**Aim of the exercise:** Nothing but the lines below from the one holding "Hi, I'm Jochem, an" up to and including the one holding "Hello everybody! This" should be copied, exactly and without pictures.

**Records for this task:**
══════════
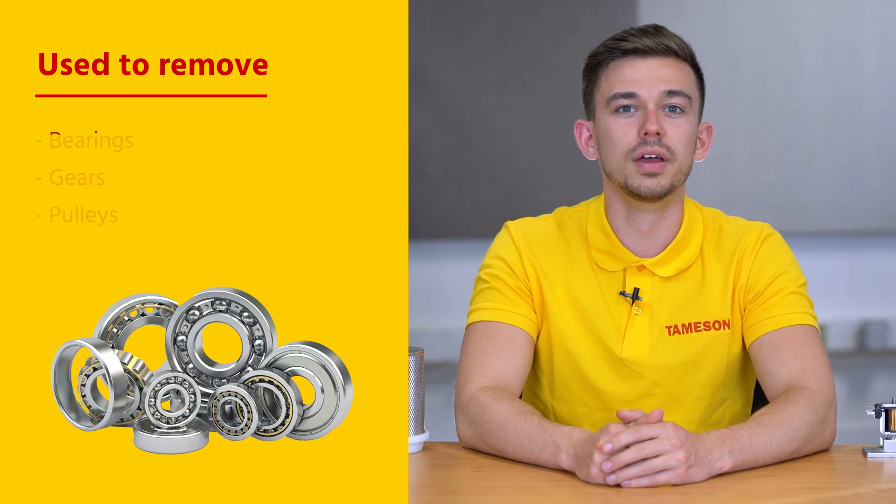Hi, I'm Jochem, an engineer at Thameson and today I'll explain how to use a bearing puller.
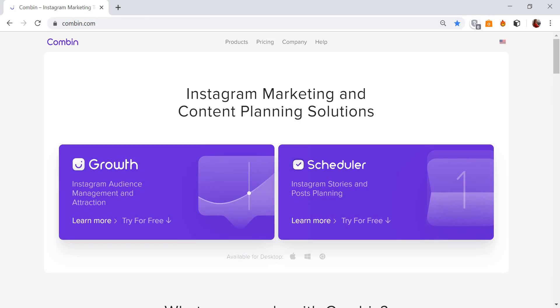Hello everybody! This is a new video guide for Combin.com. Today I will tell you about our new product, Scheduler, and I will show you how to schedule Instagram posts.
══════════
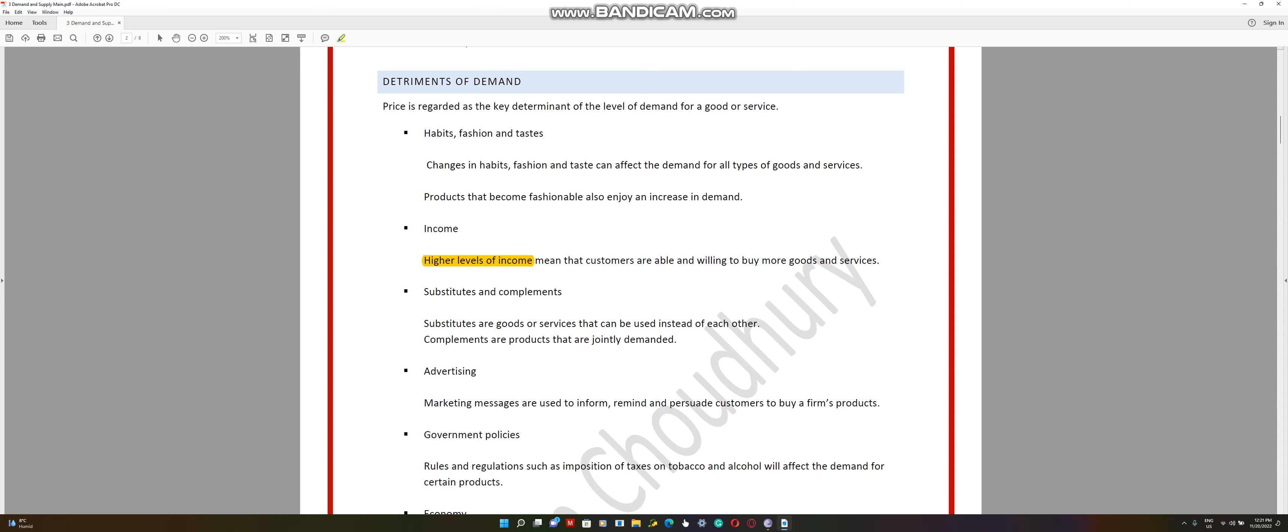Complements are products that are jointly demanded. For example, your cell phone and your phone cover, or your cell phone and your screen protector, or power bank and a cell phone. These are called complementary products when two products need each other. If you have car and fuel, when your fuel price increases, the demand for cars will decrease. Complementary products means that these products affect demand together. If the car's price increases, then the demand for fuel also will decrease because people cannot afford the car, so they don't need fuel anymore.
══════════
**Solution:**
Hi, I'm Jochem, an engineer at Thameson and today I'll explain how to use a bearing puller.
Hello everybody! This is a new video guide for Combin.com. Today I will tell you about our new product, Scheduler, and I will show you how to schedule Instagram posts.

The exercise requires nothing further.